Bon, à partir du milieu de ce chapitre, je n'ai plus d'avance donc plus de relecture aussi approfondie. Il me faut généralement 5-6 relectures pour être satisfaite du rendu final. Excusez-moi par avance des fautes et maladresses qui m'échapperont...Et, du coup, le temps de publication sera un peu plus long également. Je fais mon possible pour ne pas vous faire attendre trop longtemps, promis !
Sakura477 : j'espère que la suite te plaira tout autant !
Donatello est sur des charbons ardents. Il ne se pardonnera jamais ce qui est arrivé.
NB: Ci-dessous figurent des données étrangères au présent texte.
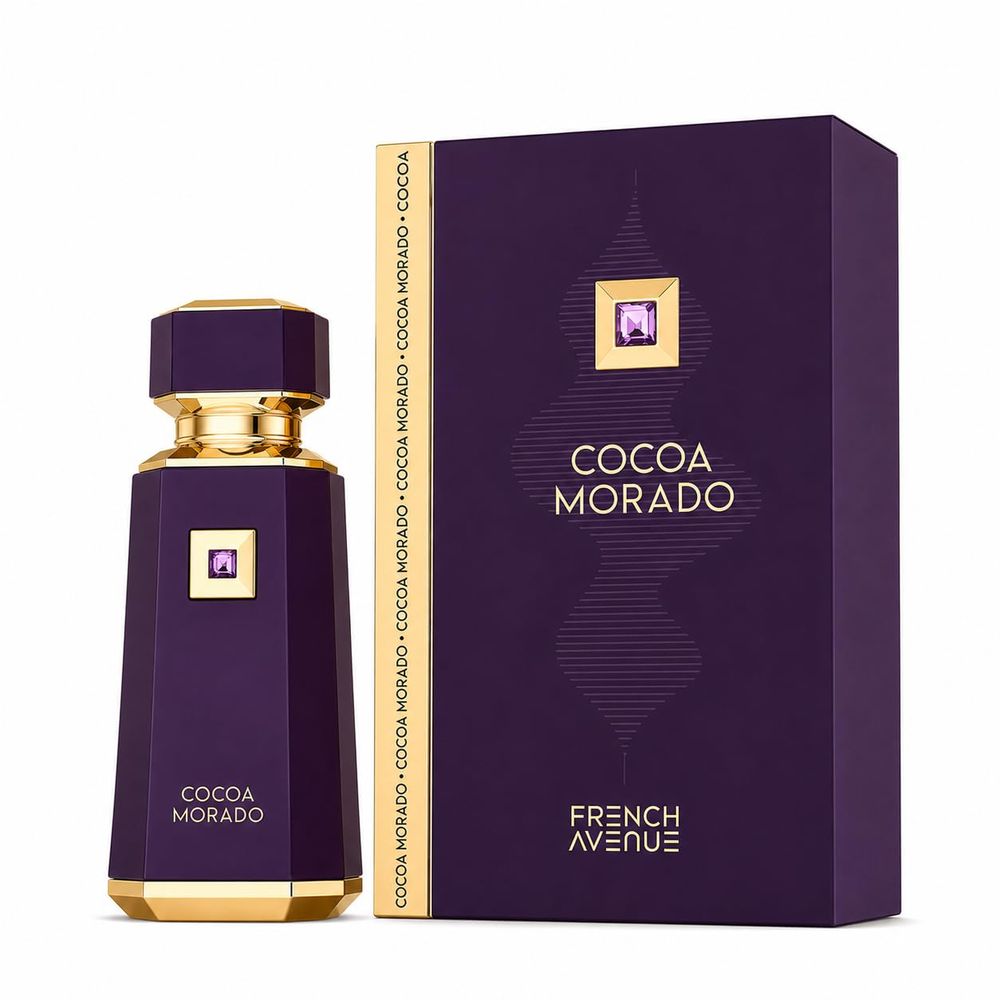 French Avenue Liquid Brun & Co – Women Bags Gift recenzja i cena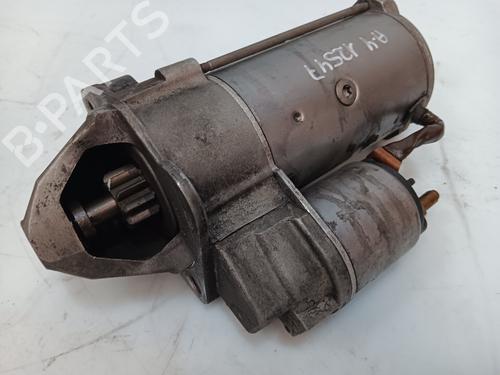 Startmotor AUDI A4 B6 (8E2) 1.9 TDI | BP26913022M8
A cause de lui, de sa seule présence à ses côtés, Cassandre a été enlevé et sa famille tuée. Peut-être sont-ils en train de la torturer en ce moment même pour qu'elle leur dise où se trouve leur repère... S'il avait écouté Leo, la jeune fille serait bien au chaud chez elle, à l'heure qu'il est.
En train de se faire tabasser par son père...
Il secoue la tête pour s'éclaircir les idées. Il se refuse à se réjouir de la mort d'un homme, même si ce dernier était une enflure de premier ordre. Le fait est que sa petite-amie ne se serait pas fait enlever par une bande de psychopathes vengeurs. Il regarde sa montre en tremblant : 51 minutes et 28 secondes.
- C'est trop long, marmonne-t-il.
En parallèle, et pour s'occuper, il entreprend de créer des algorithmes destinés à déterminer les lieux les plus probables où sa bien-aimée pourrait être enfermée. Après un long moment, il parvient à définir que la stratégie la plus efficiente pour les Foots serait de les piéger sur une île. Mais laquelle ? New-York est truffée d'îles...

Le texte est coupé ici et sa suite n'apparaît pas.